Just as often, the "reduction to practice" is effected, insofar as patent law is concerned, by filing a patent application. Thus, to determine inventorship, it is important to focus upon the conception or conceptions involved. These conceptions, technically speaking, are the conceptions set forth in the claims, the numbered paragraphs that conclude the patent application. The claims will certainly reflect the preferred and described embodiment of the invention, but they may focus on certain elements of the preferred embodiment and omit others. For that reason, when determining inventorship, it is necessary to examine the claims of the application.

The conception of an invention may have occurred in the mind of a single person, or may have occurred during joint efforts by two or more people.
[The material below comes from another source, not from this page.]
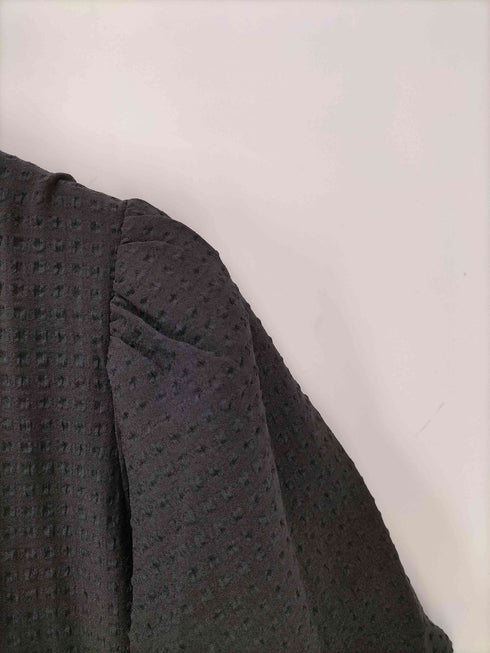 ローリーズファーム LOWRYS FARM 22SS バルーンスリーブ チェック S/S ワンピース レディース FREE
It is not necessary for these people to physically work together, or to work on the invention at the same time, or to make the same type or amount of contribution, or to each contribute to the subject matter of each claim of the application. Instead, two or more people may be joint inventors as a result of their joint efforts concerning the invention as defined by the various claims of the application. When each contributed important aspects of the claimed invention to the joint effort, then each properly should be named as a joint inventor. On the other hand, the invention may have come into being as a result of a conception by one person. In such a case, even though others may have suggested variations or elaborations on the invention, if those variations or elaborations would have been obvious to one skilled in the field of the invention, then the invention would be the product of the single, initial person.